Hide

What is Google Cloud Monitoring?

Google Cloud Monitoring provides dashboards and alerts for your cloud-powered applications. You configure Cloud Monitoring using the Cloud Monitoring Console. Review performance metrics for cloud services, virtual machines, and common open source servers such as MongoDB, Apache, Nginx, Elasticsearch, and more. Use the Cloud Monitoring API to retrieve monitoring data and create custom metrics.

Google Cloud Monitoring is simple to set up. Get charting and alerting tools out of the box. Use the smart defaults or define your own custom dashboards.

Receive alerts when issues occur. Receive alerts via email, SMS, PagerDuty, HipChat, and more. Alert on individual metrics and thresholds or on aggregate group performance.

Integrate with common open source software. Cloud Monitoring collects metrics from many common open source servers with minimal configuration. It helps you discover trends unique to your Cassandra clusters or Nginx servers.

To start using the Cloud Monitoring Console right away, see the Getting Started guide.
To start using the Cloud Monitoring API right away, see the API Getting Started guide.

To provide feedback on the beta release of Cloud Monitoring, preferably click Send Feedback on the Help menu in the Cloud Monitoring Console. Alternatively, you may email monitoring-and-logs-feedback@google.com.

Cloud Monitoring concepts

Resources and groups

A resource is an abstract object provided by certain products, platforms, or services within Google Cloud Platform. For example, Google Compute Engine provides a resource called VM instance, Cloud SQL provides a database instance, Cloud PubSub provides topics, and so forth.

A group is a collection of resources, such as "all VM instances in my project that are running Cassandra." Cloud Monitoring can automatically detect resources that are related and group them together.
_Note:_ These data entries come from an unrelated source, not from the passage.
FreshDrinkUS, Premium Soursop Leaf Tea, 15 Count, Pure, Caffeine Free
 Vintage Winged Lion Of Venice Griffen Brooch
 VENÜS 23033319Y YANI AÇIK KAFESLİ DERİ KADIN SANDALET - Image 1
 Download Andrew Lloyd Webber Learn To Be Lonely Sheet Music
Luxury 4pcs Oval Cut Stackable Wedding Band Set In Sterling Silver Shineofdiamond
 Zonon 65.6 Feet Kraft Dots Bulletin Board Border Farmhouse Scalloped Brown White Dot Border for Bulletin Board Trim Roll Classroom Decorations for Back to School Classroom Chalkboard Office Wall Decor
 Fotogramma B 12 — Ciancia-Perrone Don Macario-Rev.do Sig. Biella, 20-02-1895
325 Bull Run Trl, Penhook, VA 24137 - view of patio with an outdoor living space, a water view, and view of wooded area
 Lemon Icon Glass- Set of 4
Groups are not presently available in App Engine-only projects.

Metrics

A metric is a measured value that can be used to assess a system. Examples of metrics in the Google Cloud Platform include CPU utilization, request processing latency, amount of storage consumed, and so forth. Metrics are typically qualified, or labeled, by particular resources. For example, you can measure the CPU utilization of VM instance A, the request processing latency in web server B, the amount of storage used by project C, and so forth. When a metric is measured over time, it produces a time series of data.

A service metric or platform metric is a metric that is provided for you when you use a particular service or platform. For example, Google App Engine provides a set of platform metrics that available to its users.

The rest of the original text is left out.